WHAT THE TASK ASKS:
The answer is to be the lines below that lie between the line holding "The Iron Brigade" and the line holding "XIKERS - Route", inclusive, transcribed exactly and free of pictures.

RECORDS FOR PROCESSING:
++++

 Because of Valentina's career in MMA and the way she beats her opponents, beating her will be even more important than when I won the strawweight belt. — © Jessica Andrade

++++

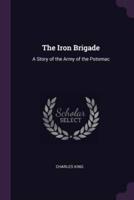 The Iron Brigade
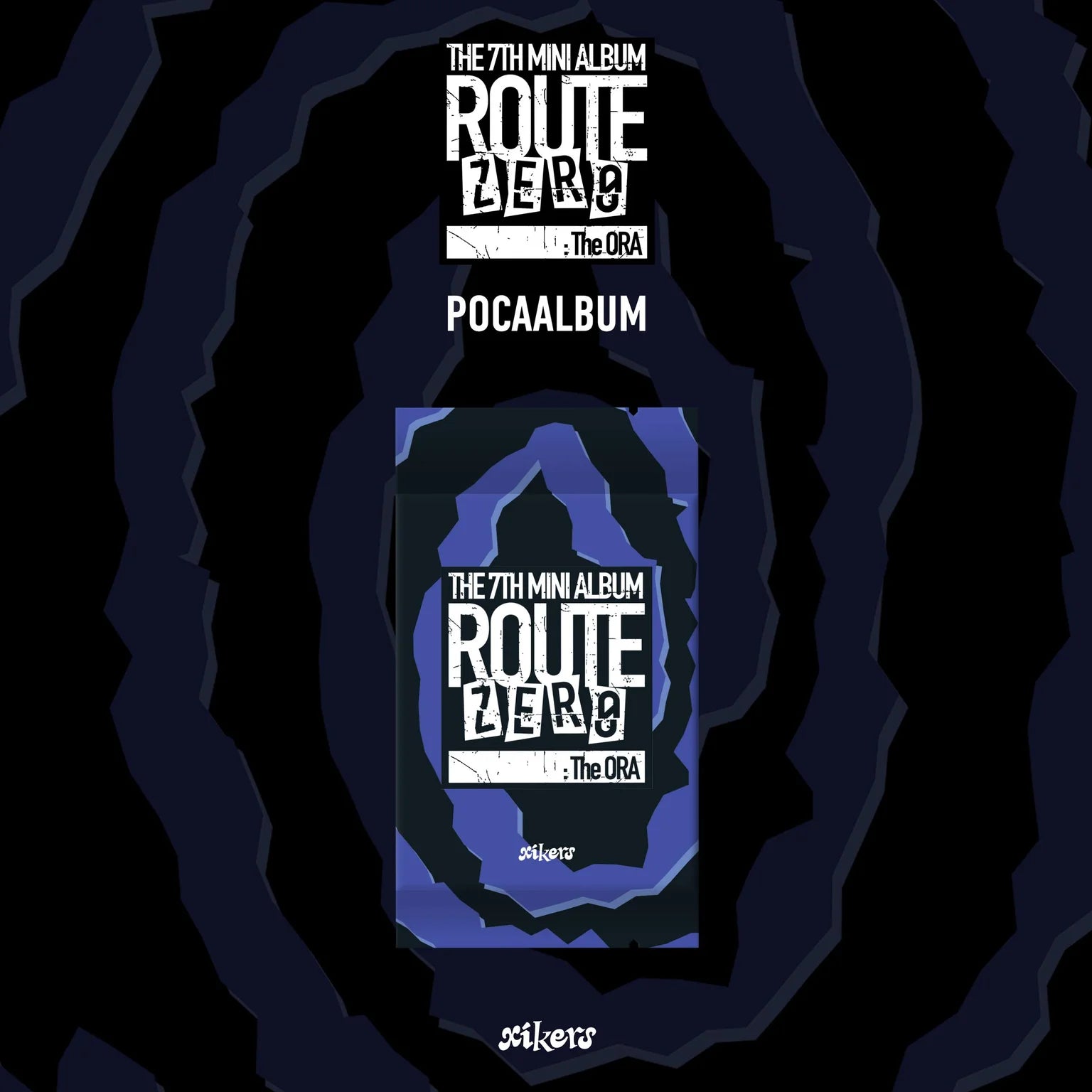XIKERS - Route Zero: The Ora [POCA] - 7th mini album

++++

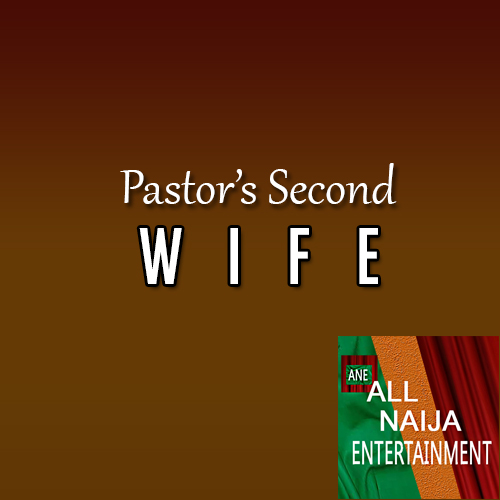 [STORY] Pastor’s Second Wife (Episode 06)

++++

OUTPUT OF THE EXERCISE:
 The Iron Brigade
XIKERS - Route Zero: The Ora [POCA] - 7th mini album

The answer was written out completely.